Last argument may occur from the product they are pro “term life”, types of insurance products “whole life” in terms of the less profitable investment. Better to separate insurance with investment. Money that could offset savings can be invested in instruments such as mutual funds, stocks, bonds, gold etc..
This will give the results (return) the better.

The strategy seems to be perfect on, but there is one problem that appears.
You people put aside money each difference arising from the “expensive” insurance type “whole life” policy with the type of “term life” to invest.

Indonesian people have a habit to follow trends to invest, which discussed many, many collected therein for money invested.
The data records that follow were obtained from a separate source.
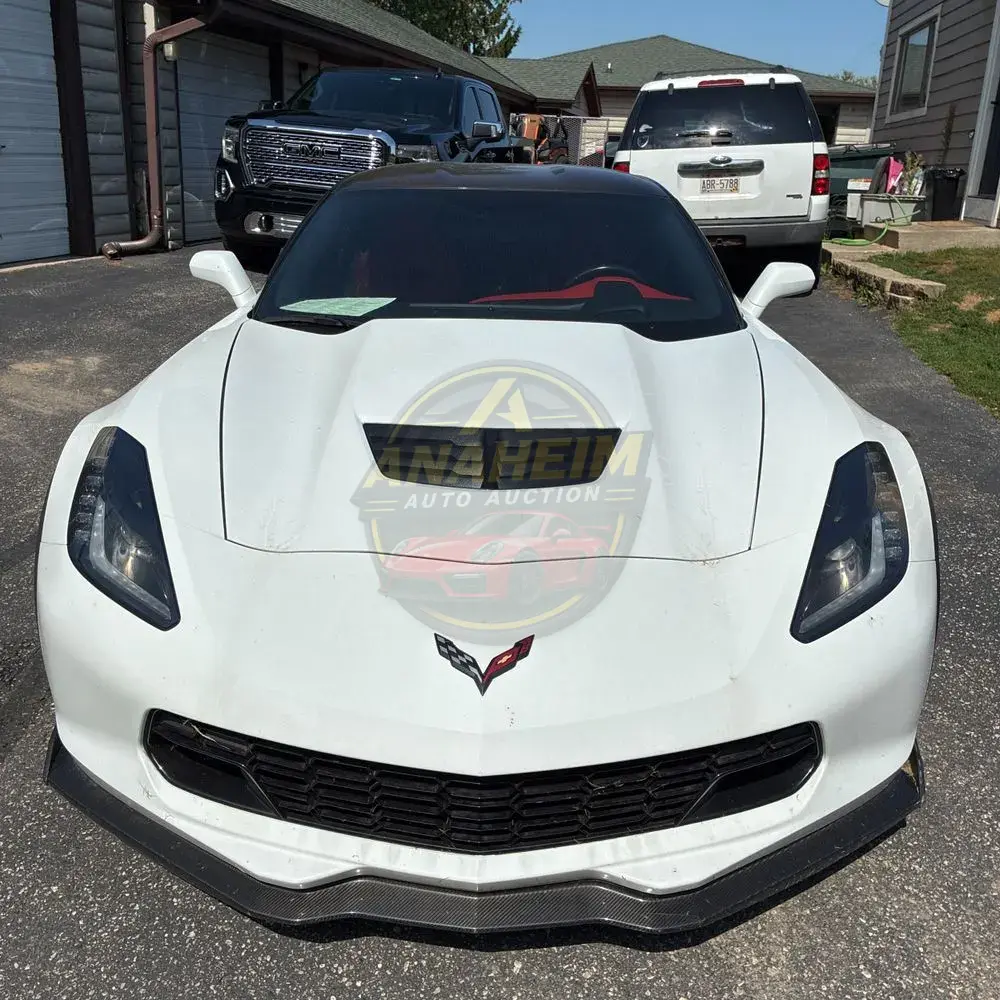 2015 Chevrolet Corvette Z06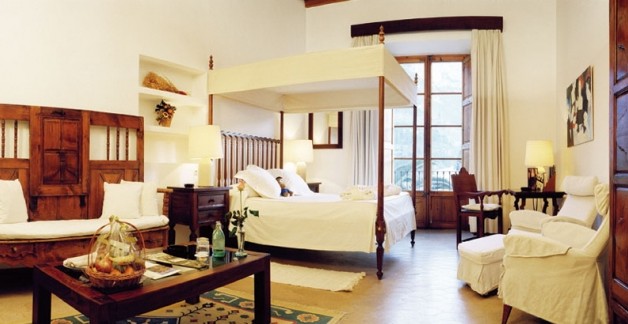 La Residencia莊園酒店設(shè)計(jì)之美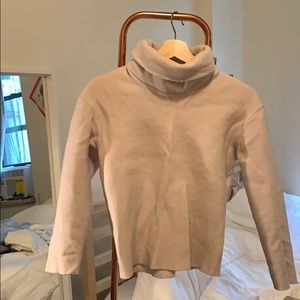 Theory sweater sizeP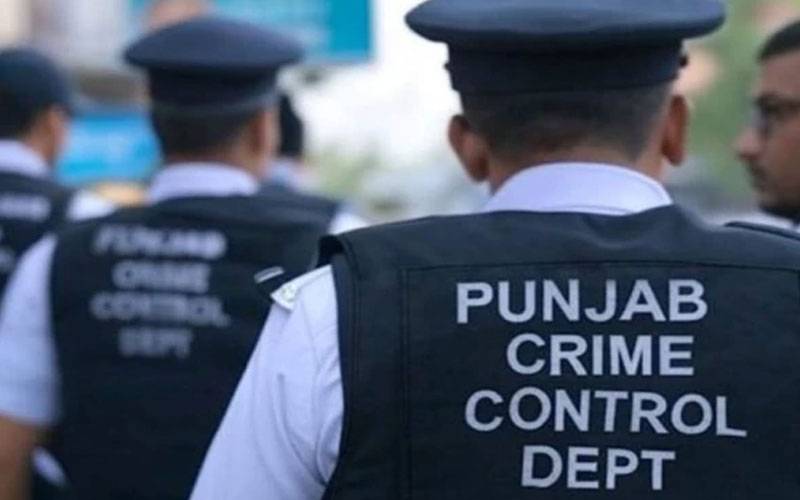  بدنام گینگسٹر سی سی ڈی کے ساتھ انکاؤنٹر میں مارا گیا، ایک اہلکار زخمی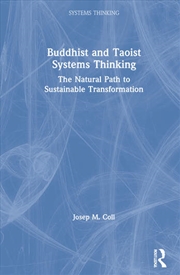 Buy Buddhist and Taoist Systems Thinking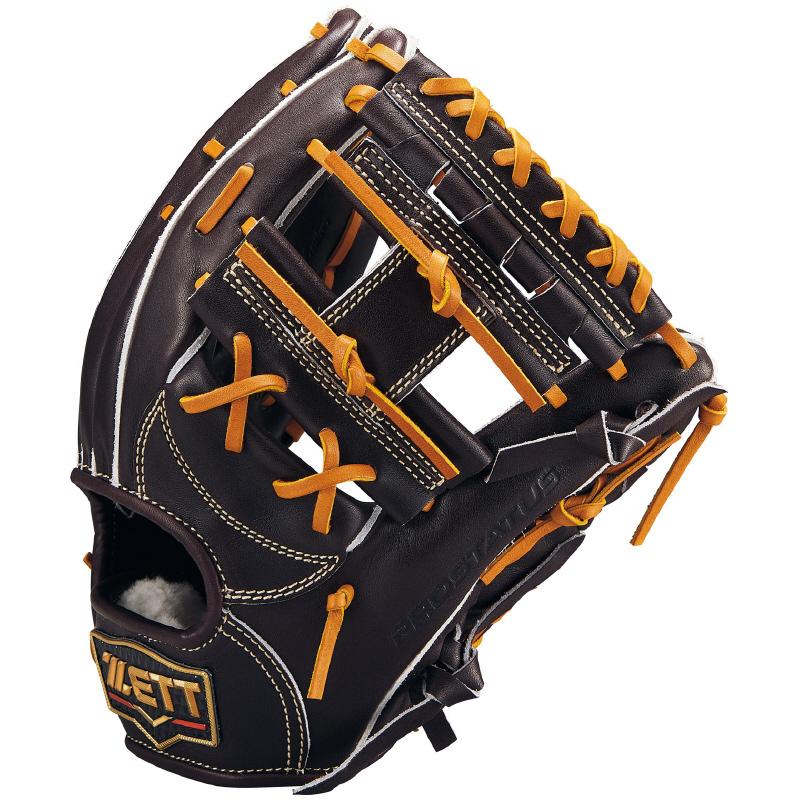 ZETT 硬式　プロステイタス源田モデル 楽天市場】ZETT ゼット 硬式グラブ プロステイタス 源田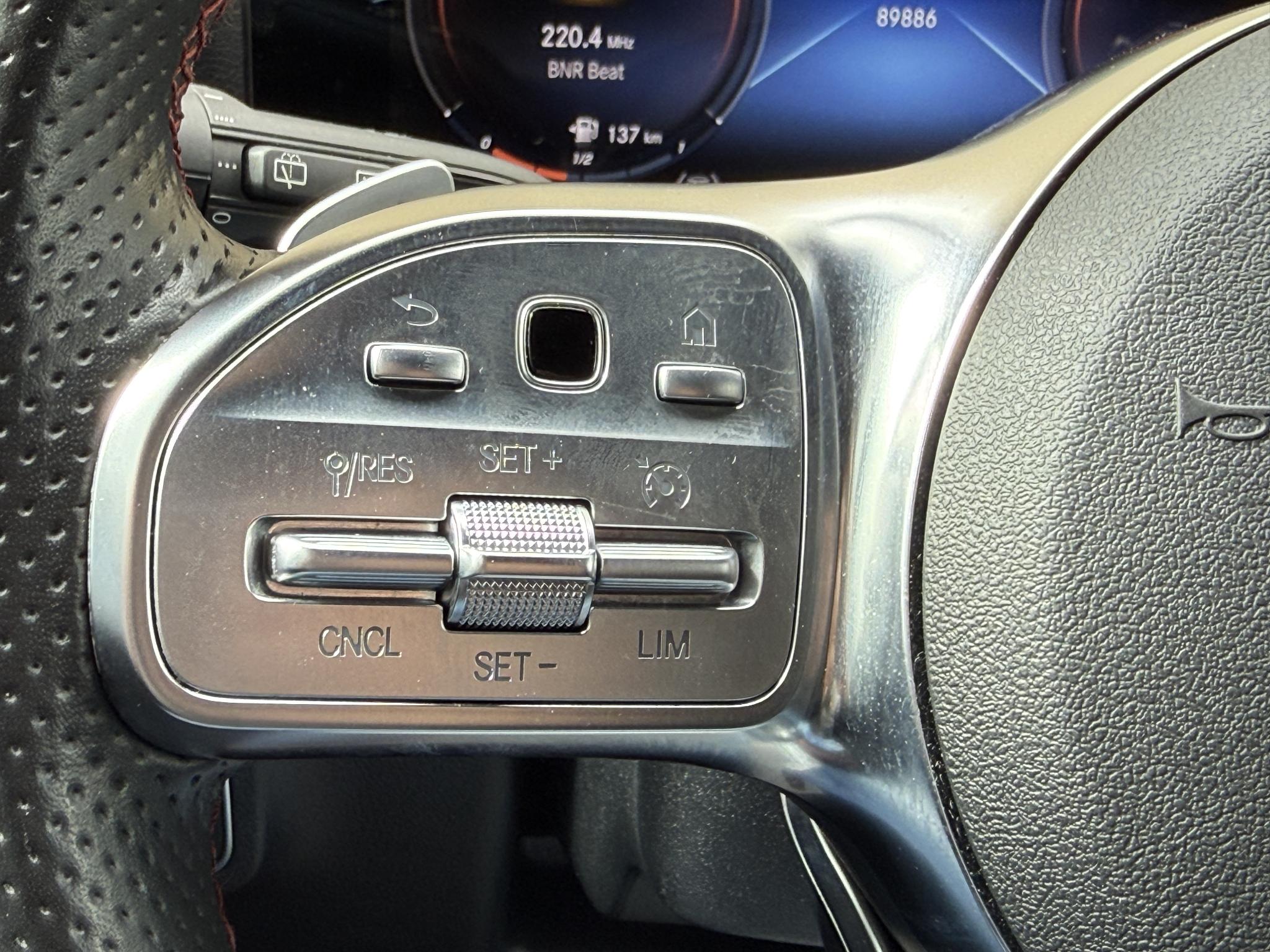 Foto van Mercedes-Benz Gla 250 E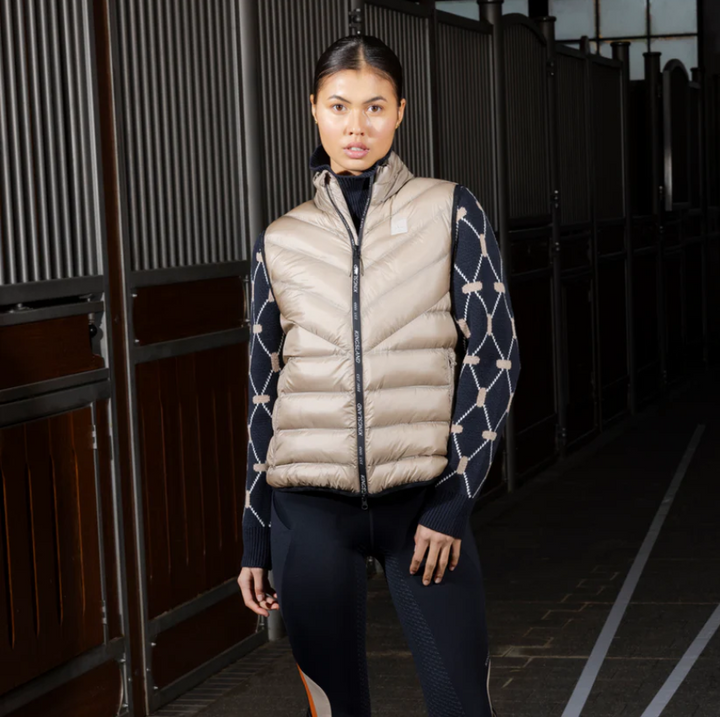 GILET UNISEX IMBOTTITO VAM KINGSLAND 2430163881 (KLW24)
This effect, such as iceberg that is ready to collapse, the index stocks are climbing the peak condition, but this situation will not stay on top forever, can anjlok time.
If I could think, I mean money-the money collected in a large vessel which is then distributed in a variety of instruments.
Say we have experienced and how have the expertise to invest in the right, still there is no guarantee that investment returns will grow, is also on the product “whole life”.
There is always a risk.

Choice between insurance type “term life” and “whole life” returned again to the destination to invest, how much ability to face risks, and how each individual investment style.